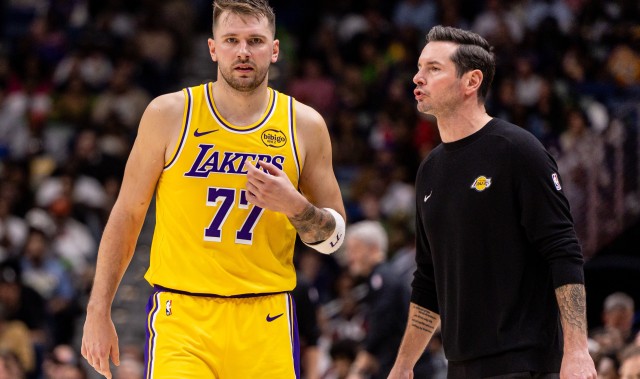 开云登录入口-雷迪克：东契奇精神状态良好 尚不清楚会在欧洲治疗和康复多久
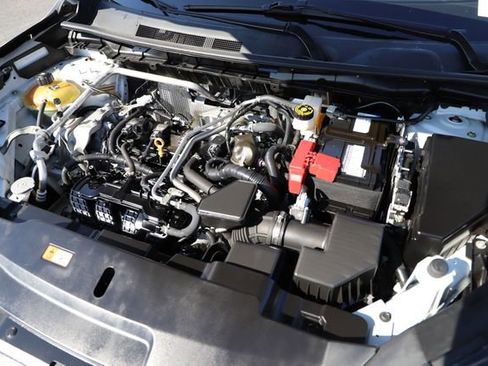 Used 2022 Mitsubishi Outlander SE image 3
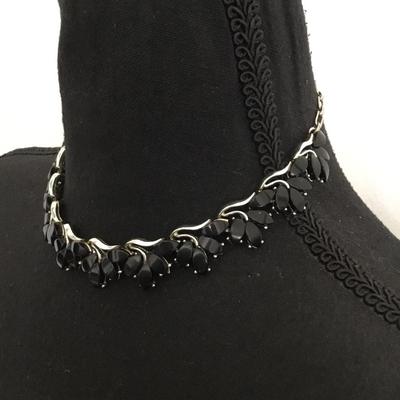 Very nice vintage, silver toned, black thermal set choker necklace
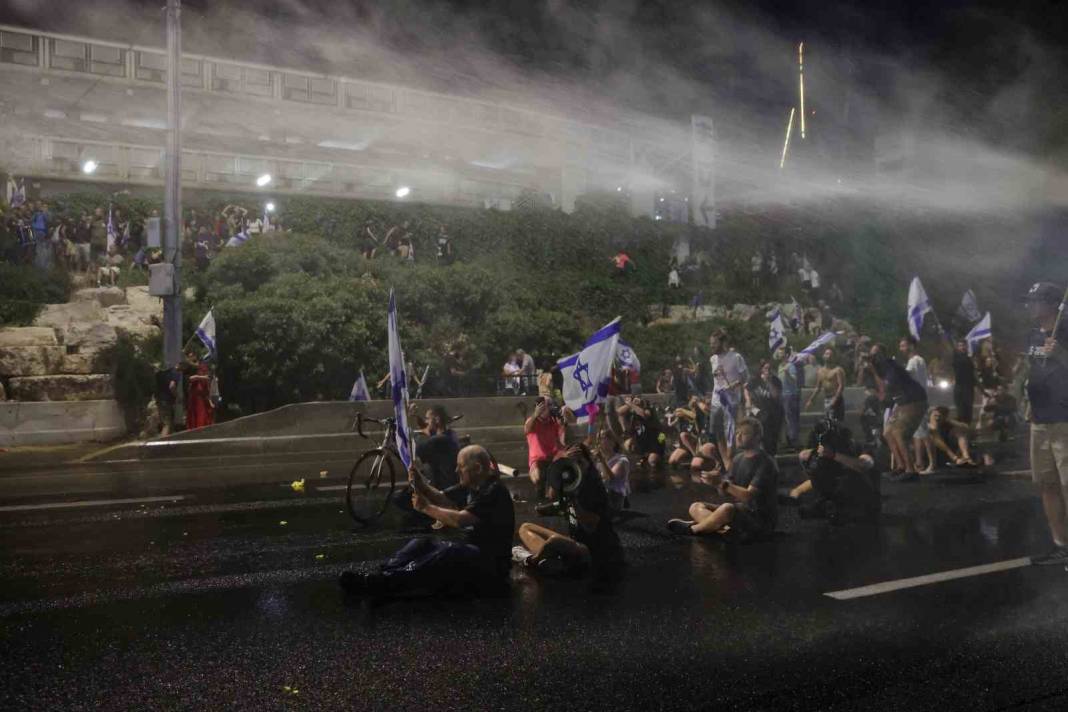 İsrail'de protestolar büyüyor! İsrail’de bir sürücü aracıyla protestocuların arasına daldı 5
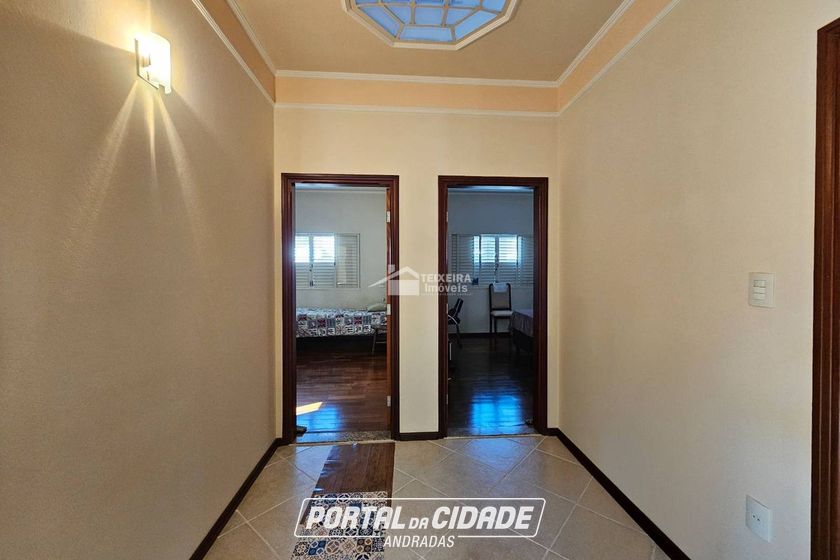 Casa &agrave; venda - 300m&sup2; - Jardim Bela Vista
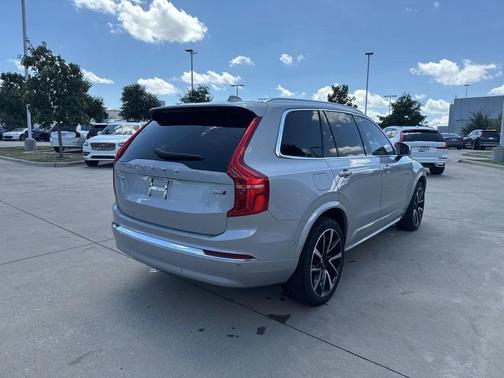 2023 Volvo XC90 B6 Plus 7-Seater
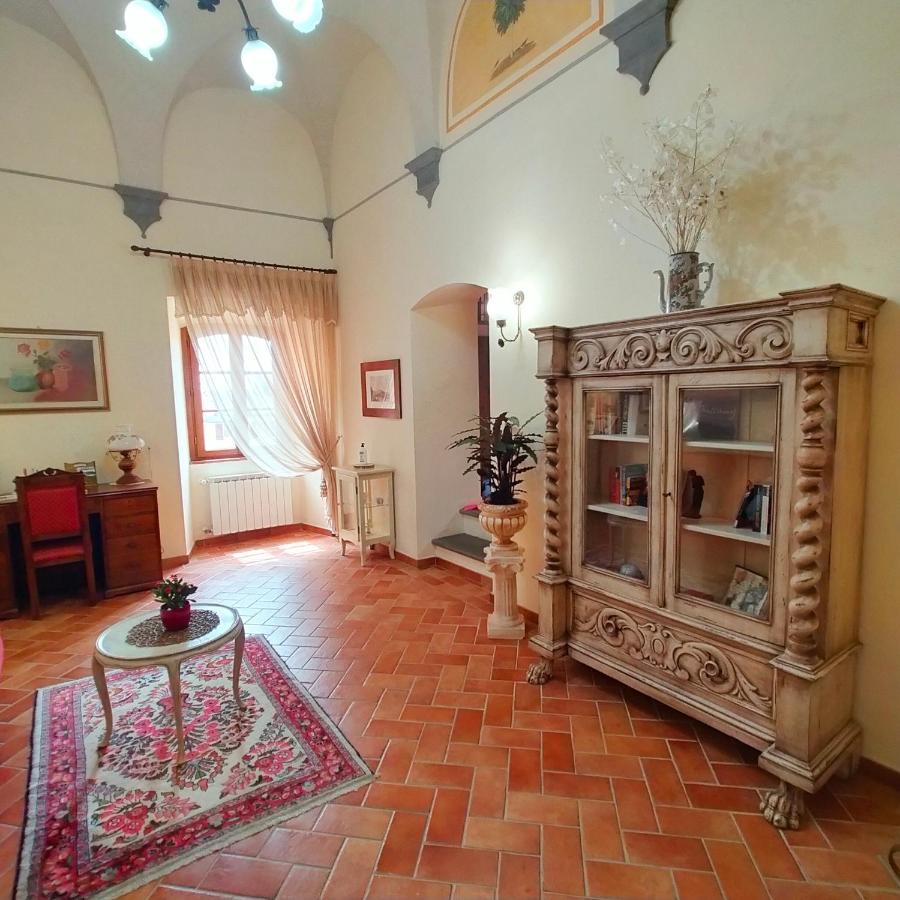 Palazzo Stiozzi Ridolfi Apartment เชร์ตาลโด ภายนอก รูปภาพ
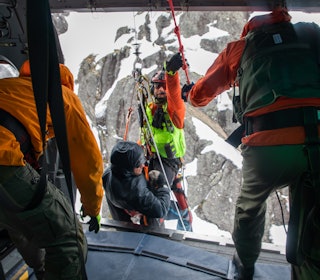 FORTSATT GRATIS? Ikke alle partiene er like klokkeklare på at redningsaksjoner i norske fjell skal være gratis for den som blir reddet. Arkivfoto: Tore Meirik redning i helikopter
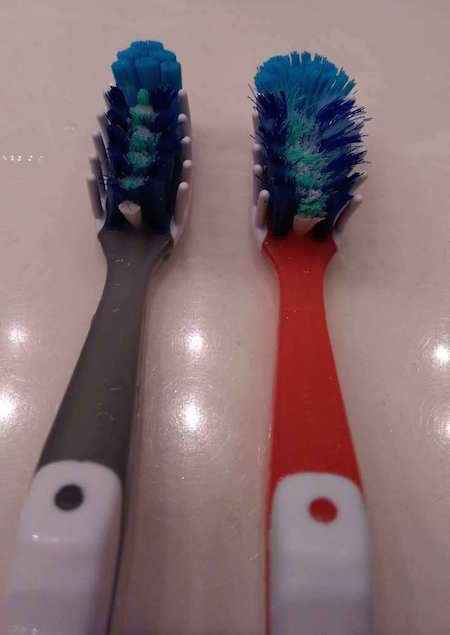 Choisissez plutôt des brosses à dents souples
=====
WORK ORDER
Would you copy the lines from the one holding "Casa &agrave; venda" down to the last line of the material, both included, exactly and with nothing added, skipping the pictures?

ANSWER SPACE
 Casa &agrave; venda - 300m&sup2; - Jardim Bela Vista
 2023 Volvo XC90 B6 Plus 7-Seater
 Palazzo Stiozzi Ridolfi Apartment เชร์ตาลโด ภายนอก รูปภาพ
 FORTSATT GRATIS? Ikke alle partiene er like klokkeklare på at redningsaksjoner i norske fjell skal være gratis for den som blir reddet. Arkivfoto: Tore Meirik redning i helikopter
 Choisissez plutôt des brosses à dents souples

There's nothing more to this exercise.